Complete toolkit to develop custom connectors for connecting to home-grown data sources.
- Connector toolkit for incorporating content from internally built and legacy systems
- Standard connectors like JSON connector, XML connector, Database connector, HTTP connector, File System connectors enhanced by plug-ins to address particular data sources
- Any SaaS product can be indexed with help from a custom connector in a matter of hours, assuming they include a Web services API
- Custom connectors code already available in Open Source (e.g: Slack connector: https://github.com/sinequa/plugins/tree/master/SlackConnector )
Supported document formats
Sinequa provides the ability to recognize and process more than 300 formats of structured and unstructured data.

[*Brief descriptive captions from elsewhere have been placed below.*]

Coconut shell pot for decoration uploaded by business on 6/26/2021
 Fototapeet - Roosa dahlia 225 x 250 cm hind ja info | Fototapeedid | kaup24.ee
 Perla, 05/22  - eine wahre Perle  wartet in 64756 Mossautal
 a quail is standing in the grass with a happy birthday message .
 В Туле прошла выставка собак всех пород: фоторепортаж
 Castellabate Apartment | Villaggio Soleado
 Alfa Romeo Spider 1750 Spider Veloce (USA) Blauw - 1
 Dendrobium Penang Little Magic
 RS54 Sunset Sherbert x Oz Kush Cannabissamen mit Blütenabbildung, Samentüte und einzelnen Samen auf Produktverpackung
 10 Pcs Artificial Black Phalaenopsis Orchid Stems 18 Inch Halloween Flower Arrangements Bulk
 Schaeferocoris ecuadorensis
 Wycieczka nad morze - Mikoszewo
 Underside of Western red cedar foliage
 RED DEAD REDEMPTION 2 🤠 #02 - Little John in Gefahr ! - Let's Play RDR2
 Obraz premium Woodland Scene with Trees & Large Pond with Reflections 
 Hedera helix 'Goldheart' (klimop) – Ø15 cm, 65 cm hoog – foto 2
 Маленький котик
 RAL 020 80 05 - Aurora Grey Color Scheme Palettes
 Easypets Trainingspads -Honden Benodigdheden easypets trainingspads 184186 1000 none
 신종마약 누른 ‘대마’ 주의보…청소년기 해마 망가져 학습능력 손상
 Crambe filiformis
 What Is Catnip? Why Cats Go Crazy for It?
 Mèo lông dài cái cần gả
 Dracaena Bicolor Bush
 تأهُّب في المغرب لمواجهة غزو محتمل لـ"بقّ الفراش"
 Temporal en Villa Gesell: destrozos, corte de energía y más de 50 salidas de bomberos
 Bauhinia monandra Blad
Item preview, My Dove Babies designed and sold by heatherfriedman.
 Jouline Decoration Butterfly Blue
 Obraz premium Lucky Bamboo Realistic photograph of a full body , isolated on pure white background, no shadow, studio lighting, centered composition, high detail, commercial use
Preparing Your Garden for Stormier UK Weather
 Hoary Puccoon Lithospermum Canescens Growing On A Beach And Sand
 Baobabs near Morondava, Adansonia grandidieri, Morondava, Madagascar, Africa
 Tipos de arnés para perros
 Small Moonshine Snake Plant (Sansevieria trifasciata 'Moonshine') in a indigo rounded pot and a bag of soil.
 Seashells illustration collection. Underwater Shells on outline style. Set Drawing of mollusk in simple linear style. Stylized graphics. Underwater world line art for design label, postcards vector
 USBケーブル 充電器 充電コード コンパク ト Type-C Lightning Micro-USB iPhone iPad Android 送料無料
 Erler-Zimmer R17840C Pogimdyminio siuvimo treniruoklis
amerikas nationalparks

- Native support for more than 300 document formats
- Text in any Unicode character set, including double-byte character sets such as Chinese and Japanese
- Markup languages, such as HTML, XML
- XMP-compatible formats, such as JPEG, TIFF, PSD, EPS
- Microsoft Office documents, such as Word, Excel, PowerPoint, and RTF
- Adobe PDF
- Open Office document formats
- Compressed archives can be indexed as single containers or recursively as folders containing files and other archives (Zip, Rar, Tar, 7z, Pst, bz2, etc.)
- Structured formats (JSON, CSV, SAS datasets, SAP IDOC, AutoCAD DWG, 3D parts, etc.)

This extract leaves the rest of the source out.